#### Record extracts

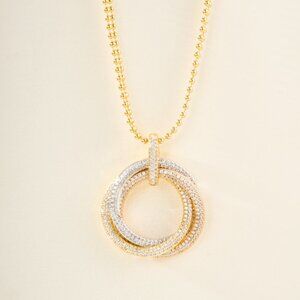 Cartier 18k Double Chain Triple Ring Full Diamond Pendant Necklace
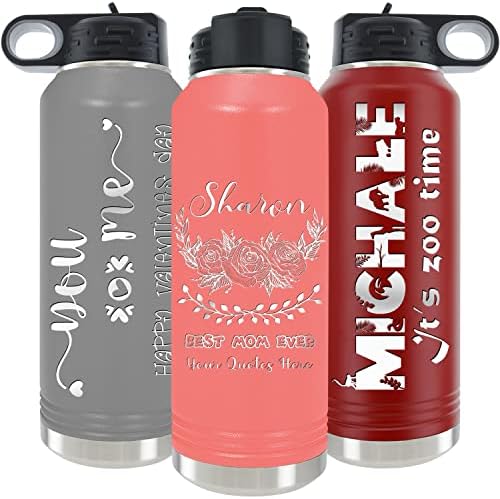  Nalized Water Bottle 40oz/32oz With Flip-Top Lid And Straw, Customized Vacuum Insulated Water Flask, Stainless Steel Sports Double Wall Thermos, Name/Text Engraved By IProductsUS (Teal)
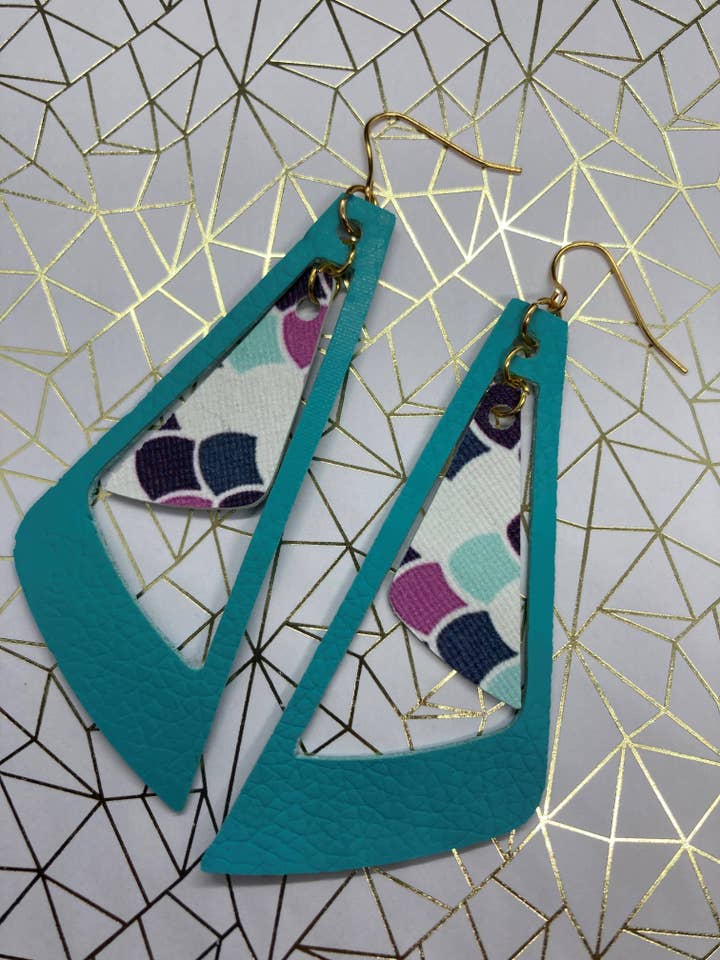 Large Teal Mermaid Scale Faux Leather Earrings for wholesale by Mr. Mediocrates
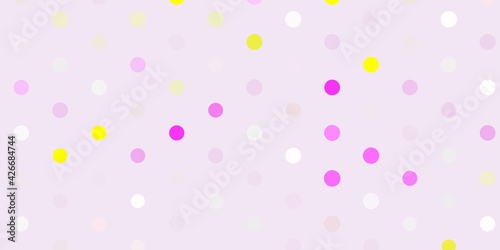 Light pink, yellow vector background with spots.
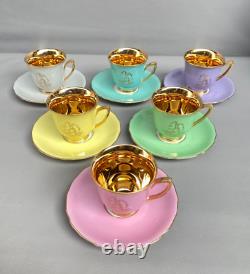 Set of 6 Bohemian Karlovy Vary Colored Porcelain & Gold Coffee Cups & Saucers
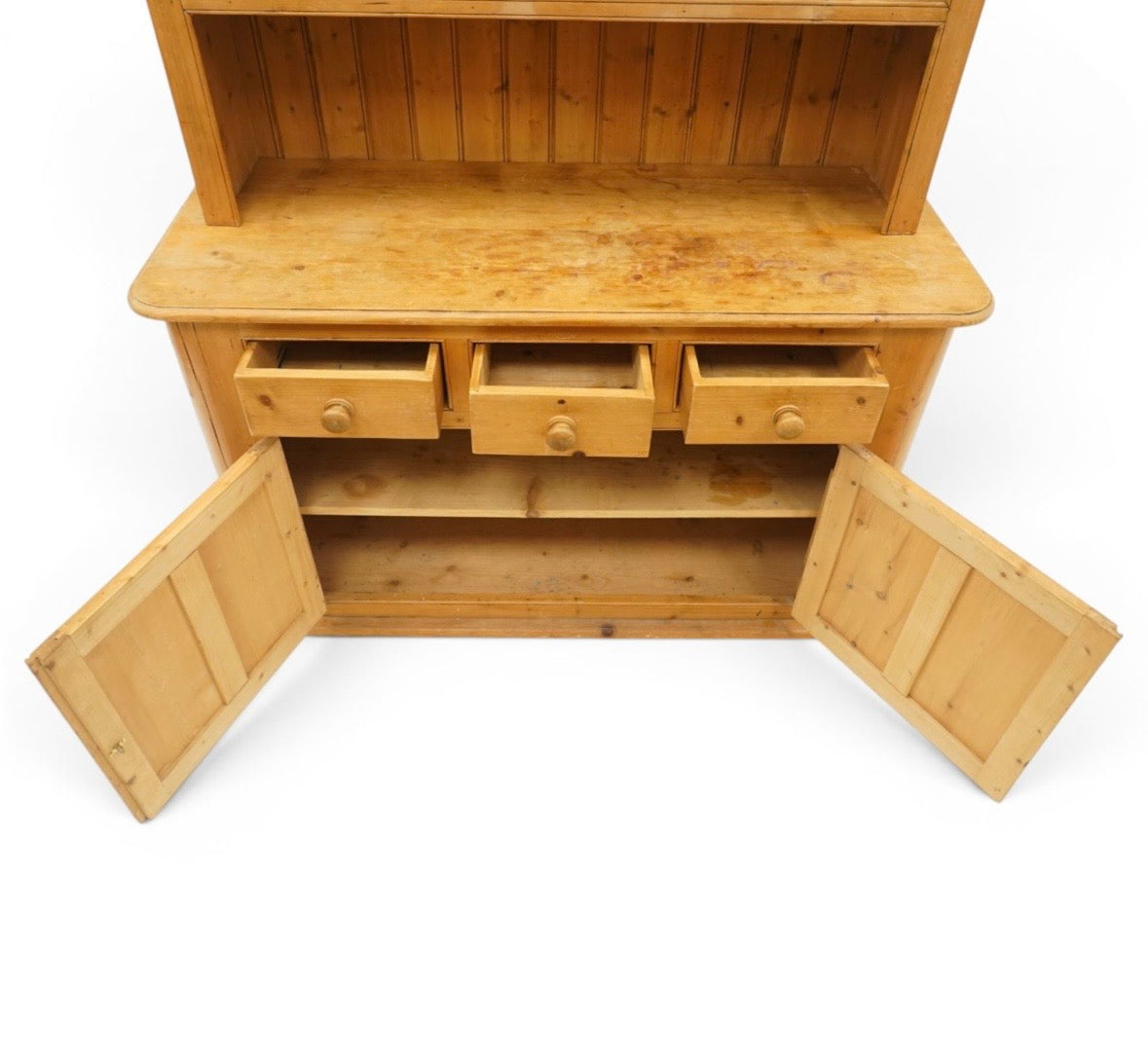 Antique Country farmhouse waxed pine dresser & shelf rack ~ 2 parts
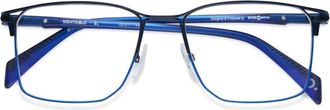 Etnia Barcelona Montmelo Rectangular Deep Blue Metal Eyeglasses with Curved Temples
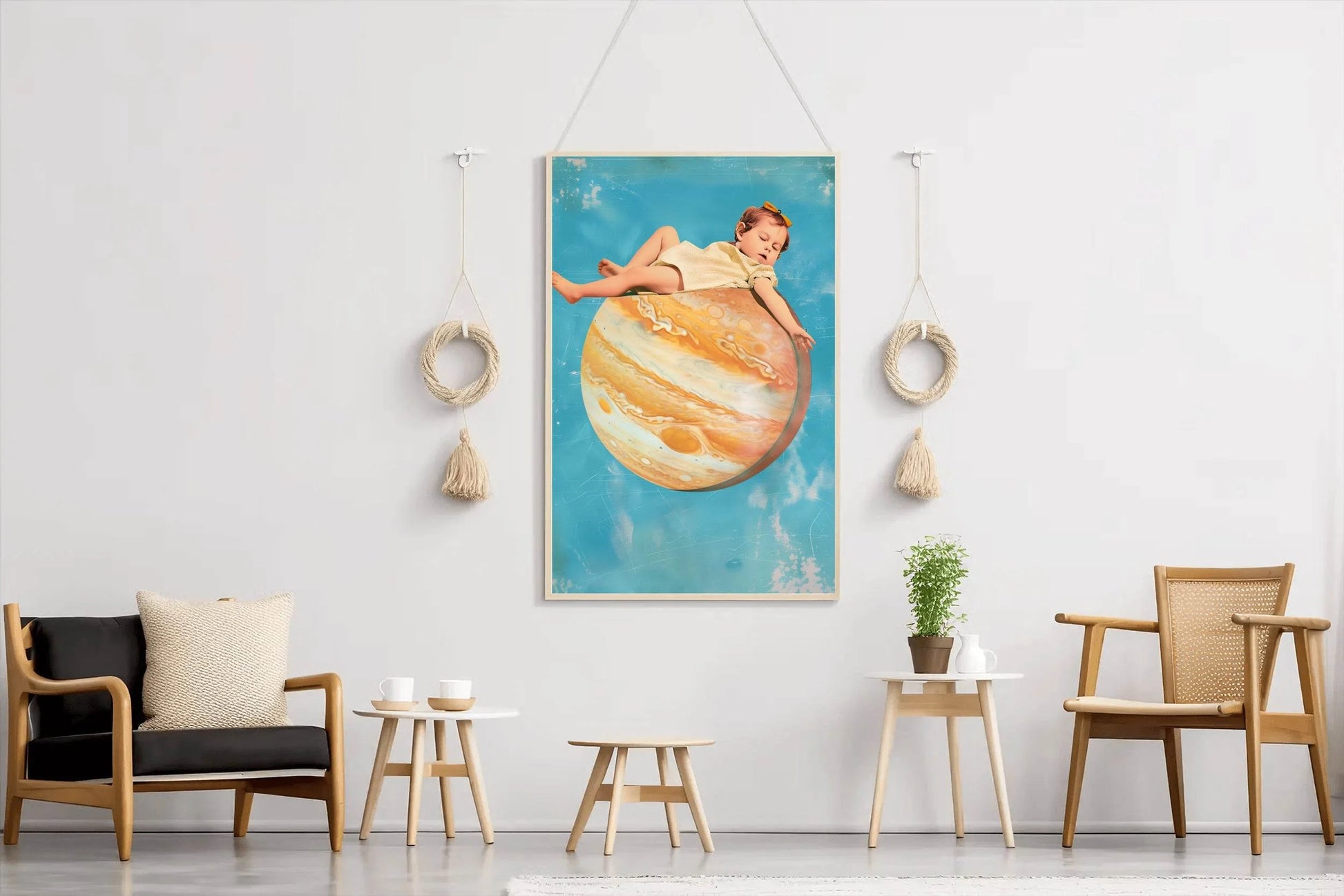 Baby Girl Sleeping On Mars Wall Art - beink online art store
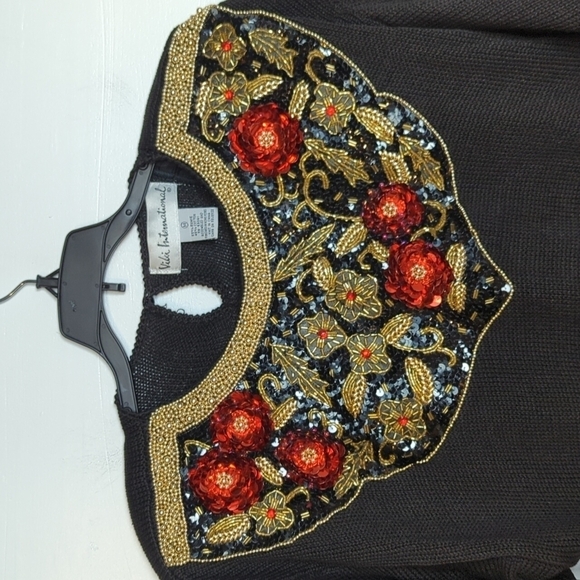 Vintage Sweater with 3-D Floral Beading - Picture 2 of 6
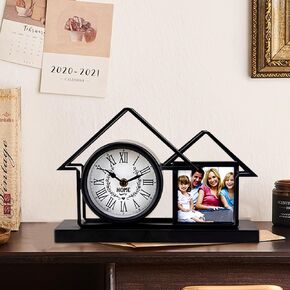 Table Clock on Stand,Decorative Desk and Shelf Clock with Photo Frame,Rustic Mantel Clock Battery Operated Silent Non-ticking,Metal Vintage Clock for Bedroom Living Room Home Decor,12.6"x3.15"x8.3"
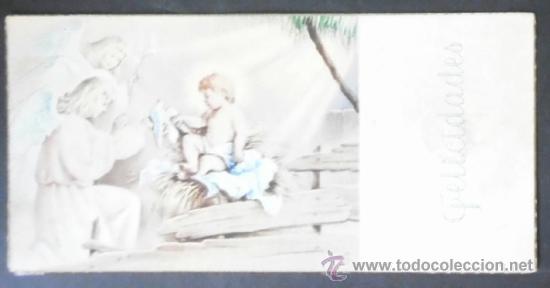 Postales: (410)FELICITACION NAVIDE&Ntilde;A 12X6 CM APROX,NI&Ntilde;O JESUS Y ANGELES,CONSERVACION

########

**Instructions for the task**
Nothing but the lines from the line containing "Antique Country farmhouse" through the last line of the records above should be written out, exactly and without the pictures.

**Solution for this task**
 Antique Country farmhouse waxed pine dresser & shelf rack ~ 2 parts
 Etnia Barcelona Montmelo Rectangular Deep Blue Metal Eyeglasses with Curved Temples
 Baby Girl Sleeping On Mars Wall Art - beink online art store
 Vintage Sweater with 3-D Floral Beading - Picture 2 of 6
 Table Clock on Stand,Decorative Desk and Shelf Clock with Photo Frame,Rustic Mantel Clock Battery Operated Silent Non-ticking,Metal Vintage Clock for Bedroom Living Room Home Decor,12.6"x3.15"x8.3"
 Postales: (410)FELICITACION NAVIDE&Ntilde;A 12X6 CM APROX,NI&Ntilde;O JESUS Y ANGELES,CONSERVACION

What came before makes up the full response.